**The task:** Transcribe the line holding "this 900×900 image." together with every line after it, through the end of the records, exactly and with no pictures.

===============

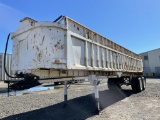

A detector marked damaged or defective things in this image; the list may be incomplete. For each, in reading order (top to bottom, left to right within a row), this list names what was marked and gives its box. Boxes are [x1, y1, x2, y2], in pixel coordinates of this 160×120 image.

rusty white trailer [7, 15, 145, 109]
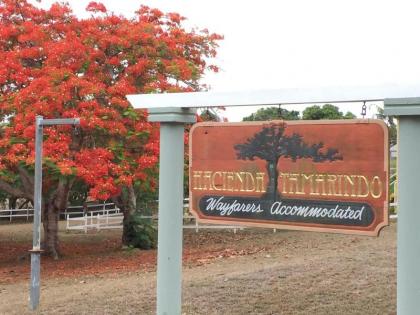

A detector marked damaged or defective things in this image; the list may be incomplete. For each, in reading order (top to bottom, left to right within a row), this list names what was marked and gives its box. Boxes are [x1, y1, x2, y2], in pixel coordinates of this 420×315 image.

rusty sign surface [189, 119, 388, 236]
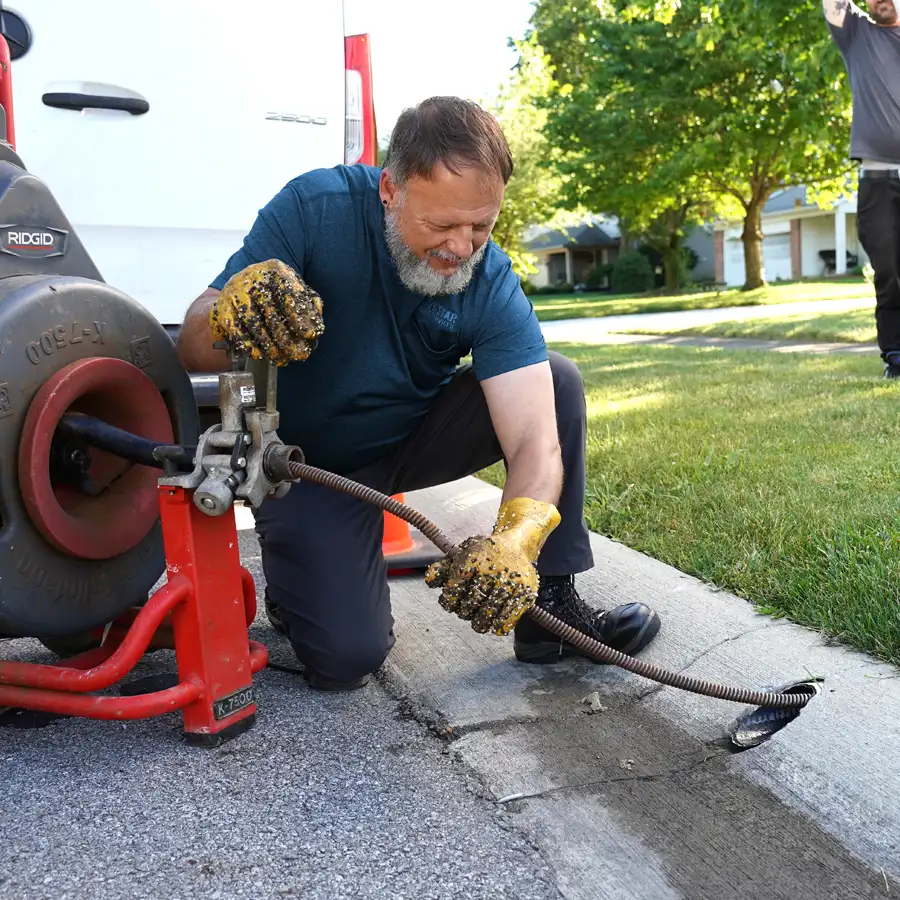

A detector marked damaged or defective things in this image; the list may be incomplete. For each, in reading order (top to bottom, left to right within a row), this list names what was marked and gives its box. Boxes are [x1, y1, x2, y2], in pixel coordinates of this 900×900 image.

crack in concrete [496, 748, 720, 804]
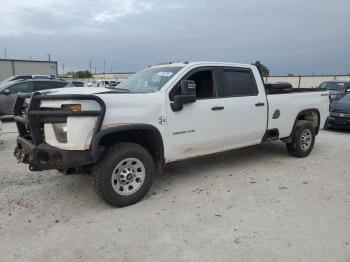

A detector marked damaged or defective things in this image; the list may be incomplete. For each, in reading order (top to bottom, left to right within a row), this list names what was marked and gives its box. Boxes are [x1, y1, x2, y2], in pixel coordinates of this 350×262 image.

damaged vehicle [14, 61, 330, 207]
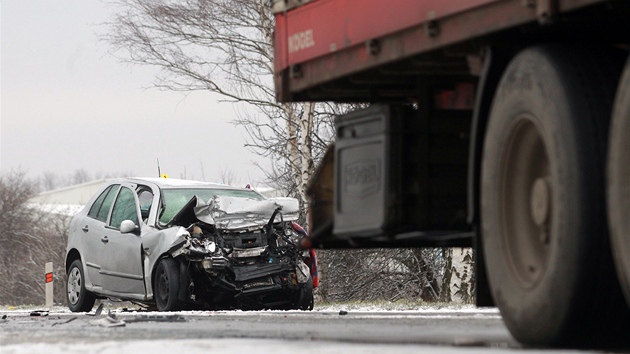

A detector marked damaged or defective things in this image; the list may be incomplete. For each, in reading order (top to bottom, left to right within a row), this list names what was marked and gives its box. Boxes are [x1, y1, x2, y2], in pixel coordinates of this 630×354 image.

wrecked silver car [66, 178, 318, 312]
crumpled car hood [169, 194, 300, 230]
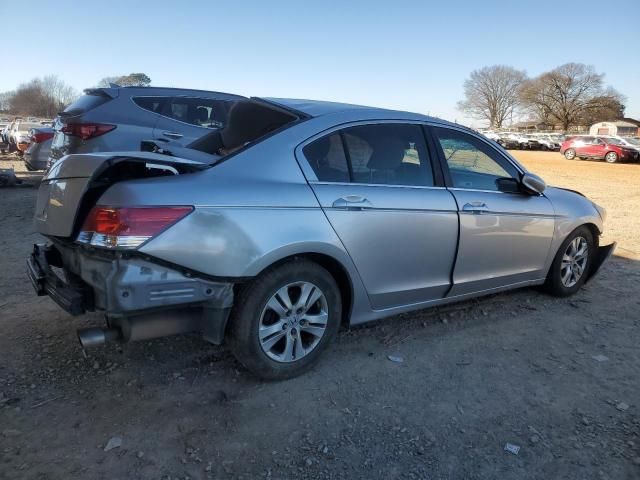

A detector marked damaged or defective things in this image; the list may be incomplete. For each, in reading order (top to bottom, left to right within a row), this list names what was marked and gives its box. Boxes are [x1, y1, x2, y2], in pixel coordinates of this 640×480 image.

broken tail light [78, 205, 192, 249]
damaged quarter panel [544, 186, 604, 272]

===============

**Answer to the problem:**
A detector marked damaged or defective things in this image; the list may be incomplete. For each, in reading order (top to bottom, left to right within a row), this list names what was marked and gives its box. Boxes are [x1, y1, x2, y2], in pixel coordinates of this 900×900 image.

crack in concrete [496, 748, 720, 804]

A detector marked damaged or defective things in this image; the list may be incomplete. For each, in reading order (top to bottom, left to right within a row), this list names what was marked and gives its box. Boxes are [x1, y1, x2, y2], in pixel coordinates of this 350×262 image.

damaged vehicle [14, 61, 330, 207]

A detector marked damaged or defective things in this image; the list may be incomplete. For each, in reading order (top to bottom, left to right within a row), this list names what was marked and gives its box. Boxes are [x1, y1, x2, y2], in pixel coordinates of this 630×354 image.

wrecked silver car [66, 178, 318, 312]
crumpled car hood [169, 194, 300, 230]

A detector marked damaged or defective things in this image; the list may be incomplete. For each, in reading order (top to bottom, left to right within a row), this list names what was marked and gives its box. Boxes are [x1, y1, x2, y2], in pixel coordinates of this 640×480 image.

broken tail light [78, 205, 192, 249]
damaged quarter panel [544, 186, 604, 272]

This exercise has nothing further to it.